The problem with my last idea are the trajectories. I can't have green forces in this direction because points don't move like I thought. For that, I need to have a rotationnal velocity higher than w1. I use for this gears, that will increase rotationnal velocity. These addionnal gears has no mass (in theory) like that they don't lost energy.

For the cycle: give rotationnal velocity w1 and w2 (and kw2), this is for launch the system. And after let "live" the system like it is, no external motor. There is only friction between magenta/magenta disks. Forces are like that because kw2 > w1. Here I can take w1=10 clockwise, w2=-7 counterclockwise and kw2=21 clockwise.

First image: At start: all disks (or rings) are turning around blue axis at closckwise w1. All bigger green disks are turning at w2 counterclockwise around green axis. All smaller magenta disks are turning at kw2 clockwise with k =3 (in this example but k can be higher). Green disks have mass. Magenta disks haven't mass. Note there is no friction between magenta/green disks because it's gears (and in theroy I consider no friction here).

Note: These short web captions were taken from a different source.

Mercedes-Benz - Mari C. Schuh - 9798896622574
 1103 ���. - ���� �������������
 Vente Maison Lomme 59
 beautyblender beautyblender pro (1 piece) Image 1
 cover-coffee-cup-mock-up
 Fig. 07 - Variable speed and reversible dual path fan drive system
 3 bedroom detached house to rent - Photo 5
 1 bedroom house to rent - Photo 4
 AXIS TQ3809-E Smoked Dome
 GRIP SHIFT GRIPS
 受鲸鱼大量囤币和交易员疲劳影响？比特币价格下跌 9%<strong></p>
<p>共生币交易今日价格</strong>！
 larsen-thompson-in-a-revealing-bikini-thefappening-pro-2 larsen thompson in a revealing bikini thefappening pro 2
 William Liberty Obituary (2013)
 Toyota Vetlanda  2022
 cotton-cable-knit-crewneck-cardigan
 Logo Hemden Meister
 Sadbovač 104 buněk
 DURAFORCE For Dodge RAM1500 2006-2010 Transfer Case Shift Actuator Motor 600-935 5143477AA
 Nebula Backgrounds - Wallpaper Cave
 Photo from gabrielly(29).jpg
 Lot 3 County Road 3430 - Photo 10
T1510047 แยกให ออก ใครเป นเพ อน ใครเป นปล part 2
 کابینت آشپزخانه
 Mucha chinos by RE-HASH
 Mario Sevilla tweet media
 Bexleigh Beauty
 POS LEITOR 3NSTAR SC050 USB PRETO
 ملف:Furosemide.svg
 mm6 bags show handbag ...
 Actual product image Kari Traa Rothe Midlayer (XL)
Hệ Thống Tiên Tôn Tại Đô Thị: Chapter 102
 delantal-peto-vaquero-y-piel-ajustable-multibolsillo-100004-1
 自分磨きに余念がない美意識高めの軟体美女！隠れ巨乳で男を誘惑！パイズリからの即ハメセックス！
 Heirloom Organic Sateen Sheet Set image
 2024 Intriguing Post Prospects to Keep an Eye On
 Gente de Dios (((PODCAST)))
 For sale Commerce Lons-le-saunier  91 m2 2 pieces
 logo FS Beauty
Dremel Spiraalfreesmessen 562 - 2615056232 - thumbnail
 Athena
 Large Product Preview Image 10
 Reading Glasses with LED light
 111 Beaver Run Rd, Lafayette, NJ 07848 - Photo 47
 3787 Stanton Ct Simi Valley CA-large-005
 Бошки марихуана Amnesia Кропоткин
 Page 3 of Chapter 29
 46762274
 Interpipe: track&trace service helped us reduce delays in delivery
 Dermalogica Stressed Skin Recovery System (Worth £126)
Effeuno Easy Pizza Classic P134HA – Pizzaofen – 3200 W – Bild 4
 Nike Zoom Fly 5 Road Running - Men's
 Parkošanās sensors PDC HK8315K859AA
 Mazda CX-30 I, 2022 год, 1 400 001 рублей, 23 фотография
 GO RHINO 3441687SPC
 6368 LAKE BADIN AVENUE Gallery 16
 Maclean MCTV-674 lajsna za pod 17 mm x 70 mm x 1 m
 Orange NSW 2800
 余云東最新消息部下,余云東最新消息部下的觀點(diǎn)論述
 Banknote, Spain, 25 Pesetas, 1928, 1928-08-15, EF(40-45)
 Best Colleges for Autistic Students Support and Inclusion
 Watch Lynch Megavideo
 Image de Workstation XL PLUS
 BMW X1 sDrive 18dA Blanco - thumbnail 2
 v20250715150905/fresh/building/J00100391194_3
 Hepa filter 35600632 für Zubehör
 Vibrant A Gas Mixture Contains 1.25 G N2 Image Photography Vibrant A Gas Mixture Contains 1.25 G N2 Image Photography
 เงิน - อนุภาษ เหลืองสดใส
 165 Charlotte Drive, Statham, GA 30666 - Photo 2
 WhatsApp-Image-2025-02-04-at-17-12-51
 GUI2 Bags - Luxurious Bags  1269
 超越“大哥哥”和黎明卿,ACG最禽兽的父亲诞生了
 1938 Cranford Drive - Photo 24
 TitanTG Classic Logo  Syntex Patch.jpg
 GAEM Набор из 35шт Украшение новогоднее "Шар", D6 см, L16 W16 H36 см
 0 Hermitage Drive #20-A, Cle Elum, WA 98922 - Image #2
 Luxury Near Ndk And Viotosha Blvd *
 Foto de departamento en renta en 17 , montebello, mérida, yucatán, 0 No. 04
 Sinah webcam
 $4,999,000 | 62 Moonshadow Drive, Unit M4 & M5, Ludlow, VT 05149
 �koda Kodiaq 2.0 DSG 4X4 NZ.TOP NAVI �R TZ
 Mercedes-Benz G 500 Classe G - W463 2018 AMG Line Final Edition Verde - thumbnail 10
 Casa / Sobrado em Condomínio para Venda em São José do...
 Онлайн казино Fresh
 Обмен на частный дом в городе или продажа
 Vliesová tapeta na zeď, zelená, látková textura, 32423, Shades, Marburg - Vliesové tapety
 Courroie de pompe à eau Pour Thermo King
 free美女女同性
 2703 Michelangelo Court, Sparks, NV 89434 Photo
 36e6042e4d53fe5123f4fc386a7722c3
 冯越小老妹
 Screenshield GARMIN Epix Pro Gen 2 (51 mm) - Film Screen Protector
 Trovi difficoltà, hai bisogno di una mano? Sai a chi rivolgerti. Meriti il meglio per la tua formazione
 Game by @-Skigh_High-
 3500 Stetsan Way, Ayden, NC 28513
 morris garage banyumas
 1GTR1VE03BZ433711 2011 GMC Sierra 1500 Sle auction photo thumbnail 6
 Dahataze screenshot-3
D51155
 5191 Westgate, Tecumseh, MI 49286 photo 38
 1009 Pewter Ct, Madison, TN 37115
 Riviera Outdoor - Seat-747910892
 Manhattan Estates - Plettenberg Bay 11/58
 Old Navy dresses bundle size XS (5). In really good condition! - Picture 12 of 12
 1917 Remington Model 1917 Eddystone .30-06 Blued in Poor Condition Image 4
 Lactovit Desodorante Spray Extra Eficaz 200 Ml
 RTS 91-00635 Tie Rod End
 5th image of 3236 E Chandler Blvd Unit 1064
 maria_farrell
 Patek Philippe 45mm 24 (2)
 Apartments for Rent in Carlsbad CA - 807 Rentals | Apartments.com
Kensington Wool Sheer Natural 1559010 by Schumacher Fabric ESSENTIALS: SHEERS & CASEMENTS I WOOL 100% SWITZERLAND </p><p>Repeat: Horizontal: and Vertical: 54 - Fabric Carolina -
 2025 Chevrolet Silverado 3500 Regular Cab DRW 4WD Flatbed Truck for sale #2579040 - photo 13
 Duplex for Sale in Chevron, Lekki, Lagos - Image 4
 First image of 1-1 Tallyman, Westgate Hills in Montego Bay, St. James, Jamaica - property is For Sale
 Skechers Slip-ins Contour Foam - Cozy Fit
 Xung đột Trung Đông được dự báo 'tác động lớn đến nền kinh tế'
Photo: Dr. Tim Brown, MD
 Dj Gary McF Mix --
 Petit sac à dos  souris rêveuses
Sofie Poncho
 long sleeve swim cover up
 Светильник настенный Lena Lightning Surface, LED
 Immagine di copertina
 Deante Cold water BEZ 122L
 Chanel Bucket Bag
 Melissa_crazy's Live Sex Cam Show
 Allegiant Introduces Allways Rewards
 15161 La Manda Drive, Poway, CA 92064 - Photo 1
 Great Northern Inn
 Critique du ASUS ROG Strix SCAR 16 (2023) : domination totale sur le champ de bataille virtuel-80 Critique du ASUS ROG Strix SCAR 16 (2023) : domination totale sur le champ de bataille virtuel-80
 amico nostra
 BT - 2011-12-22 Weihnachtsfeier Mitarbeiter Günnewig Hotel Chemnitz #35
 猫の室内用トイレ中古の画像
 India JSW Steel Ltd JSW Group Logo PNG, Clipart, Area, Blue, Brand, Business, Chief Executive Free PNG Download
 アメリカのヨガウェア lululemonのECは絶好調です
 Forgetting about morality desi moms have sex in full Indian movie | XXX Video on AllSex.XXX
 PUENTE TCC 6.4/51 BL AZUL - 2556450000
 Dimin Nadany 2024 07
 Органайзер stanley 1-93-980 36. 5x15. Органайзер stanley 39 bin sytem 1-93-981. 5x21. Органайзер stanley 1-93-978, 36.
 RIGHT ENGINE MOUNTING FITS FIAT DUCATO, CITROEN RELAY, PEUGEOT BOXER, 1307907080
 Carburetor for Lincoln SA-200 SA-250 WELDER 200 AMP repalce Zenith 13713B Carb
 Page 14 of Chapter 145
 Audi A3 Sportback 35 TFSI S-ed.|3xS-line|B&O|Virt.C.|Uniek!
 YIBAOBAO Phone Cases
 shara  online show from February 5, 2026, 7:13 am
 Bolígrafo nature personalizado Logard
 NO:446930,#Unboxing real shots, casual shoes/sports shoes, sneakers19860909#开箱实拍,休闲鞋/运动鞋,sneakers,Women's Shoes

Second image: Look at forces. Friction generate F1 and F2 forces. Note there is heating => energy. F1 and F2 create F3, F4, F5, F6, F7, F8, F9, F10 like image shows and 2 additionnal -F3 -F4 not drawn. Each magenta disk receive a counterclockwise torque. They reduce their rotationnal velocity but note they have no mass. Each green disk receive a clockwise torque and increase their rotationnal velocity, and like they have mass, they increase kinetic energy. In the lab frame reference, the kinetic energy is 1/2md²w1²+1/4r²w2² with m the mass of the disk, d the lenght of the arm and r the radius of the disk. Fx-1 and Fx+1 show the forces come from another basis system when I repeat them.

Third image: repeat N systems

I define H the energy from one magenta/magenta friction. I define K the additionnal kinetic energy of one green disk. The sum of energy increases, we have (N-1)*H energy from heating . Add N*K kinetic energy from each green disk. Remove H for two last system, I need to give energy for give Fx-1 and Fx+1 at 2 terminal system. The sum of energy is (N-2)*H+NK.

Edit: like before, blue axes are fixed to the ground. Think with k very high (radius of magenta disks are very small), it's easy to see forces can be like I drawn but not all around the circle just like I drawn at start with arms horizontal.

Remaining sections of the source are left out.